Research:Discovering content inconsistencies between Wikidata and Wikipedia/First explorations

From Meta, a Wikimedia project coordination wiki

There is not much research about the consistency between Wikidata and Wikipedia pages. Moreover, there is no solution to compare such Wikipedia content with Wikidata information in the past. Our goals is to create a mapping between Wikidata and Wikipedia content, and try to measure the consistency between both of them. In this page, we summarize the initial results about trying to utilize the Wikipedia content and their corresponding Wikidata information in Wikipedia to discover the consistency.

Data&Methods[edit]

Data[edit]

There are many different topics of Wikipedia contents, and for this research, we collected the Wikipedia and Wikidata information about biography.

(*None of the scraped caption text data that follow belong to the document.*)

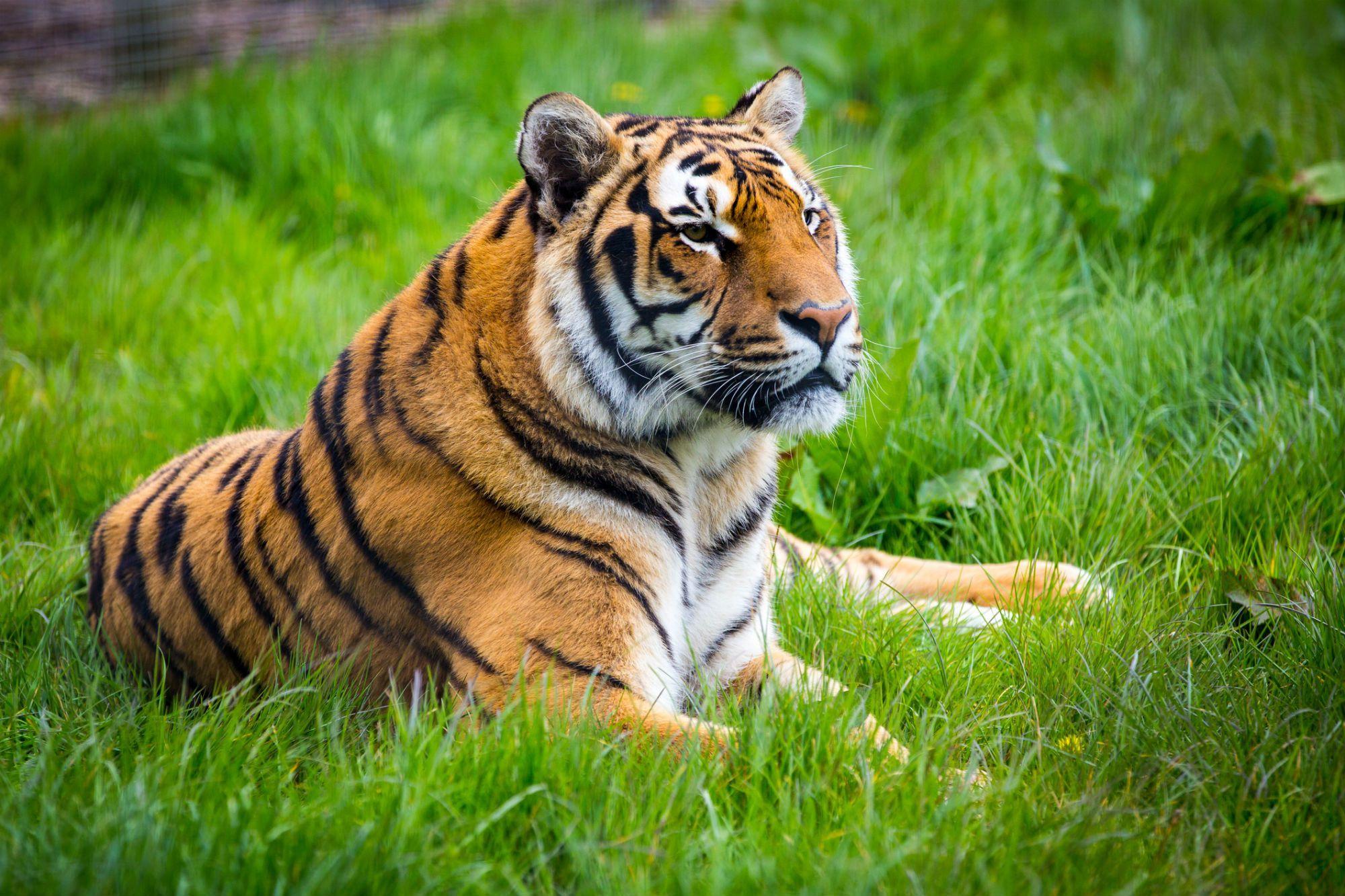 2000 x 1333 · jpeg - Tiger Images Free Download Beautiful Tiger Latest HD images & Pictures ...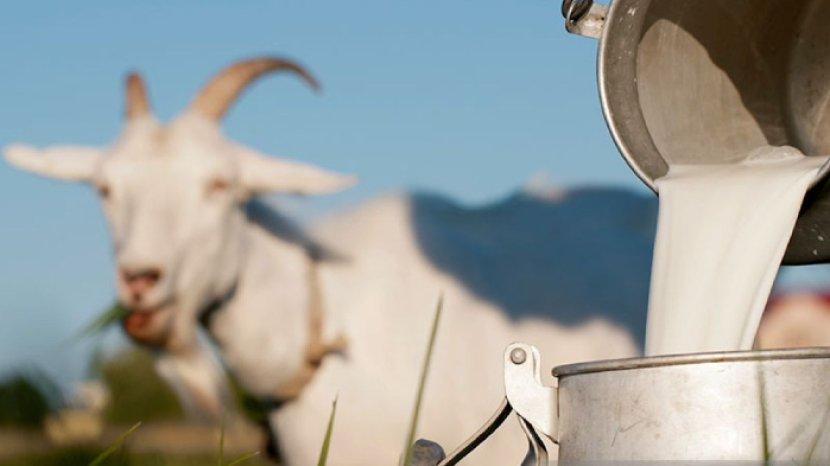 5 Khasiat Minum Susu Kambing Secara Rutin untuk Tubuh, Salah Satunya Bisa Memperlancar Pencernaan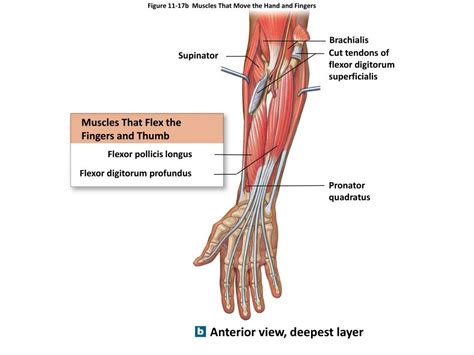 PPT - 11-6 Appendicular Musculature PowerPoint Presentation, free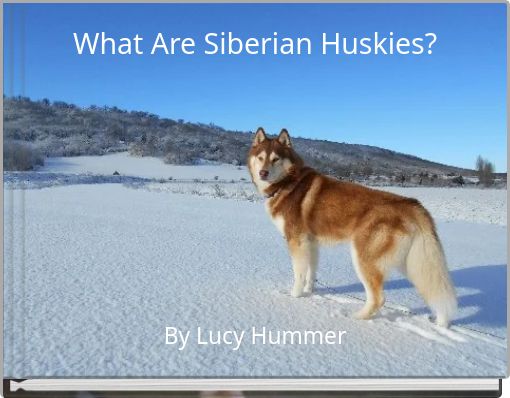 What Are Siberian Huskies?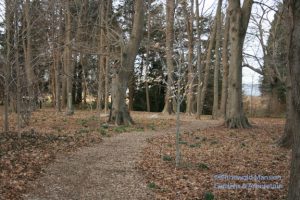 pockets of daffodils in the Bosquet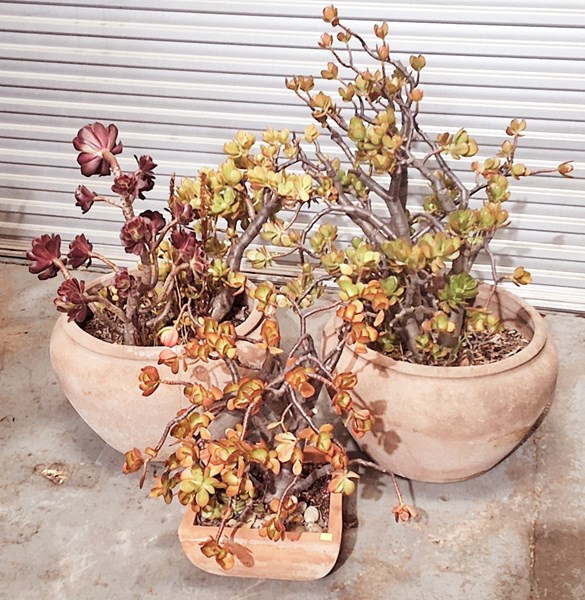 Lot 404 - POTTED SUCCULENTS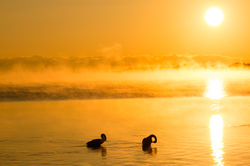 放射冷却スワンⅡ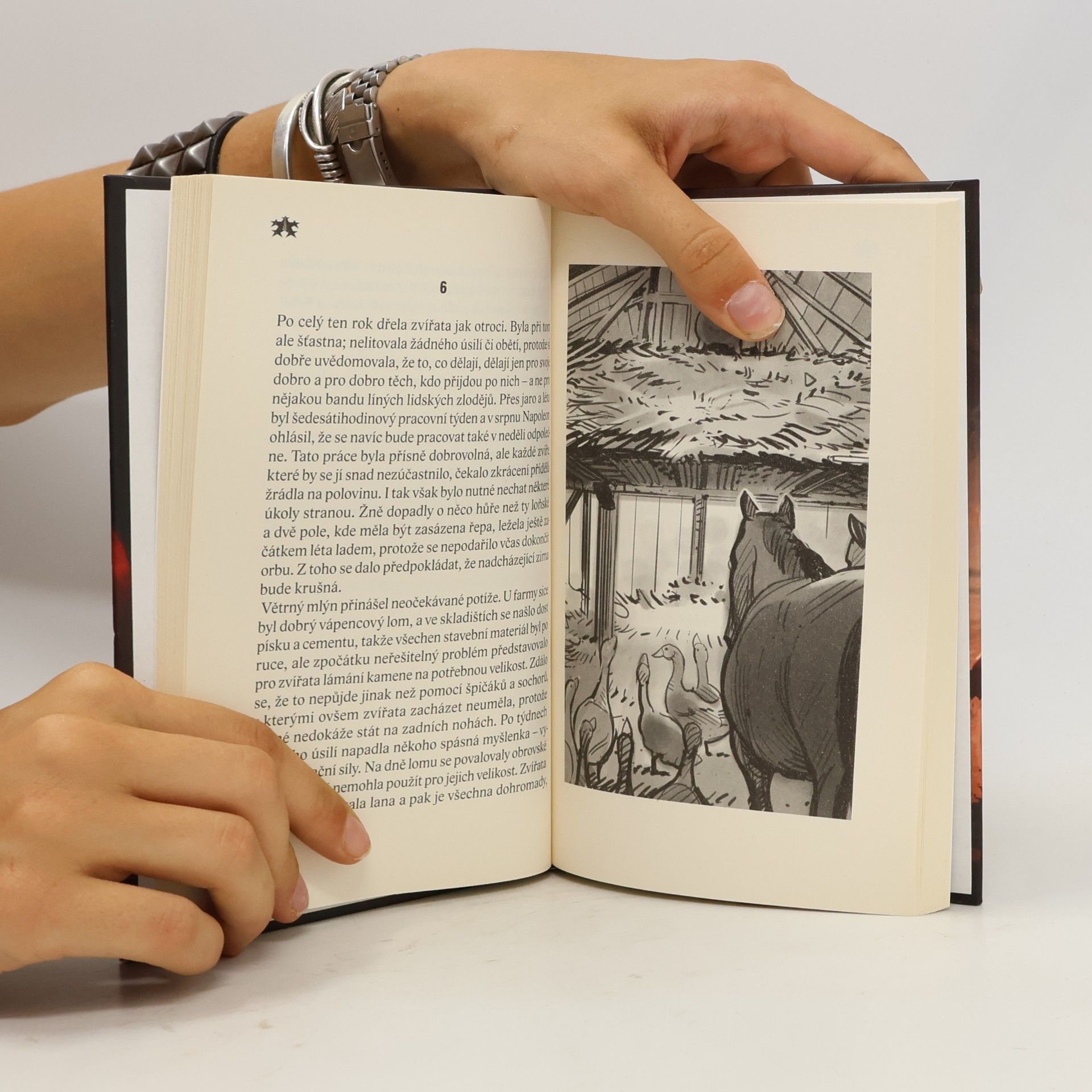 George Orwell Farma zvířat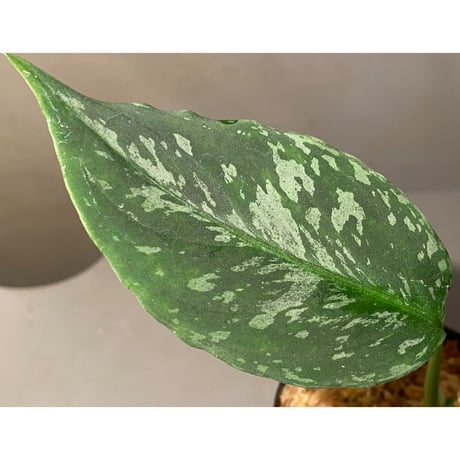 Aglaonema pictum "しるば〜らいん" from Aceh sumatera [LA1218-01b] グリーンマルシェ No.5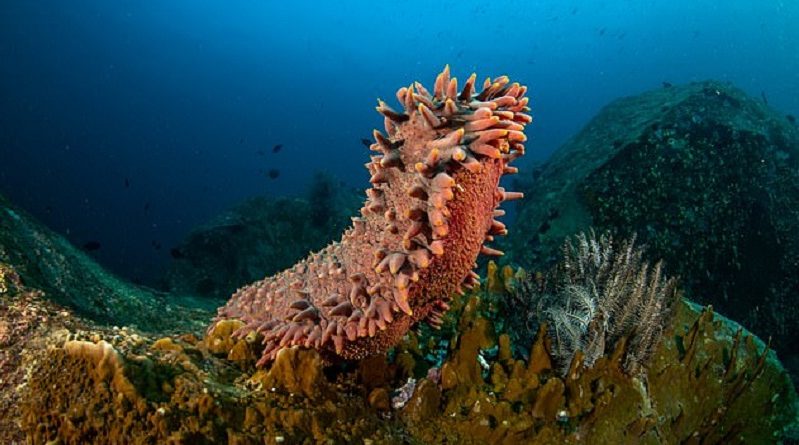 Sea Cucumbers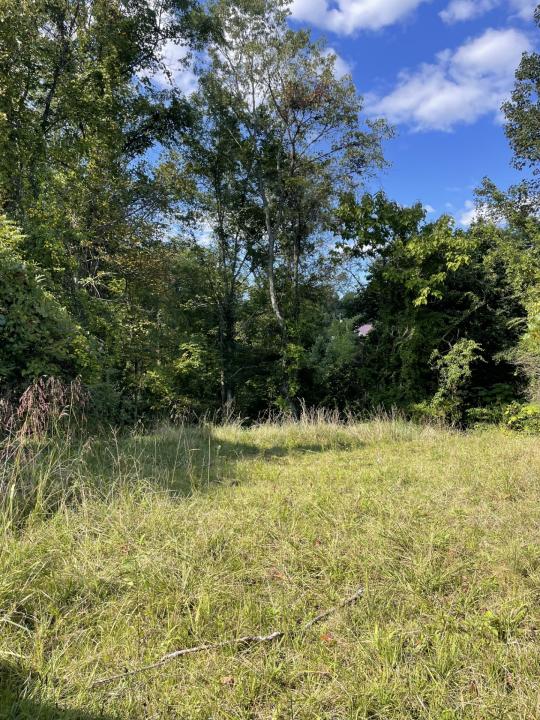 118A High Street, Oak Hill, Западная Вирджиния 25901, Соединенные Штаты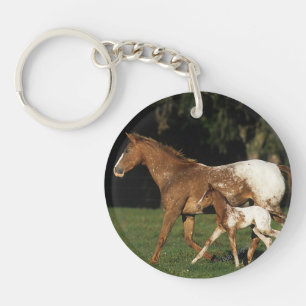 Llavero Appaloosa Mare Y Fool
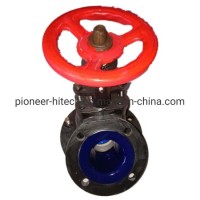 Glass Lined Flush Valve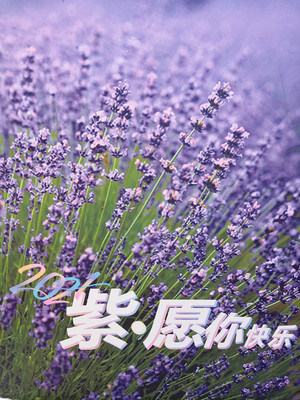 紫愿你快乐，上海薰衣草公园一日游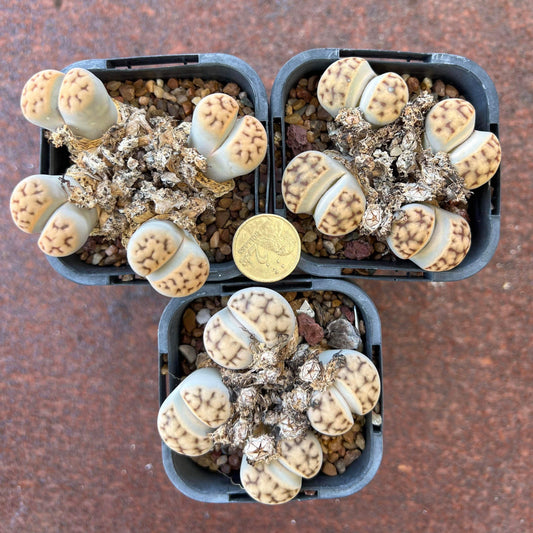 Lithops Karasmontana var. Mickbergensis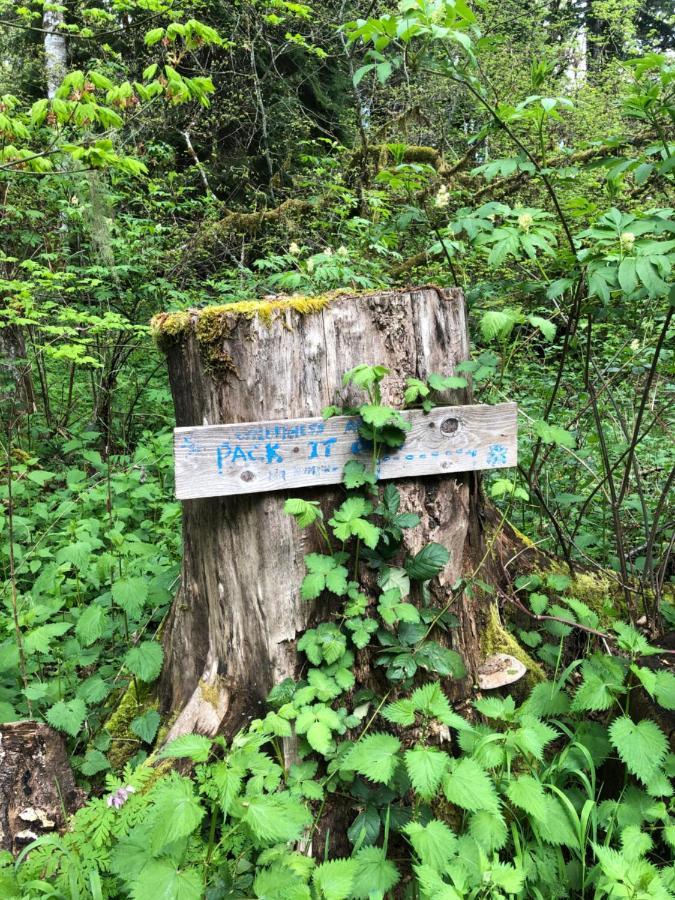 Blackberry Bunkhouse アッシュフォード エクステリア 写真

For the Wikipedia, we have all the Wikipedia page contents, and for the Wikidata, we have their corresponding properties and values. Since we don’t have the labeling data about the consistency between Wikidata and Wikipedia content and we want to utilize supervised learning methods on this task, we would need to do some data preprocessing first.

Data Preprocessing[edit]

  • First, due to numerous properties on the Wikidata, we only choose the top5 most frequent meaningful properties: occupation, educated at, place of birth, member of sports team and country of citizenship to be our data. We sampled 2000 Wikidata claims for each property to be our datasets.
  • Second, since the Wikipedia content information is too large to compare with one Wikidata statement, we utilize the sentence-based Wikipedia. We focus on whether one Wikidata claim and one Wikipedia sentence in the same page is consistent or not.
  • Third, for the labeling, we have some settings. This is a two class classification problem (consistent or not). One example is presented in Table1, and the statistics of datasets is presented in Table2.

Label=0: Consistent. If all the Wikidata values or the aliases words of Wikidata are mentioned in the Wikipedia sentence, we consider they are consistent.

Label=1: Inconsistent. We utilize label=0 data to sample other values of the same property to generate 2 times inconsistent data.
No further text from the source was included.